(Records drawn from a dataset)
###
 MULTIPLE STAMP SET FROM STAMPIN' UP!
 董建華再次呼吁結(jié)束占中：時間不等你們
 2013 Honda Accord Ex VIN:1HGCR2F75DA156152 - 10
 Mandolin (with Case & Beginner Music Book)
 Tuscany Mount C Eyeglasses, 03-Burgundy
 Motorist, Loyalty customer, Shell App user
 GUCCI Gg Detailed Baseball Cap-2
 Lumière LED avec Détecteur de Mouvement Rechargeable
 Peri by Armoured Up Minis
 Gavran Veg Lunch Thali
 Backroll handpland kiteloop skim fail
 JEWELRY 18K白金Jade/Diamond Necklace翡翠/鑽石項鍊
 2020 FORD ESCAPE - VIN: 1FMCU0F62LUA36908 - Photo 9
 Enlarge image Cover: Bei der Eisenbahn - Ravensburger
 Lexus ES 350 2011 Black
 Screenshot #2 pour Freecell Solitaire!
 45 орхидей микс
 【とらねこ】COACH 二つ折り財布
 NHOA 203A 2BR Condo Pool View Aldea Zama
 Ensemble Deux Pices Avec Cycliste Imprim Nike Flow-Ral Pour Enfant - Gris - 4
###
WHAT YOU SHOULD DO: Would you restate word for word every line from the one holding "Backroll handpland kiteloop skim fail" to the end of the entries, both ends included?

WRITTEN SOLUTION:
 Backroll handpland kiteloop skim fail
 JEWELRY 18K白金Jade/Diamond Necklace翡翠/鑽石項鍊
 2020 FORD ESCAPE - VIN: 1FMCU0F62LUA36908 - Photo 9
 Enlarge image Cover: Bei der Eisenbahn - Ravensburger
 Lexus ES 350 2011 Black
 Screenshot #2 pour Freecell Solitaire!
 45 орхидей микс
 【とらねこ】COACH 二つ折り財布
 NHOA 203A 2BR Condo Pool View Aldea Zama
 Ensemble Deux Pices Avec Cycliste Imprim Nike Flow-Ral Pour Enfant - Gris - 4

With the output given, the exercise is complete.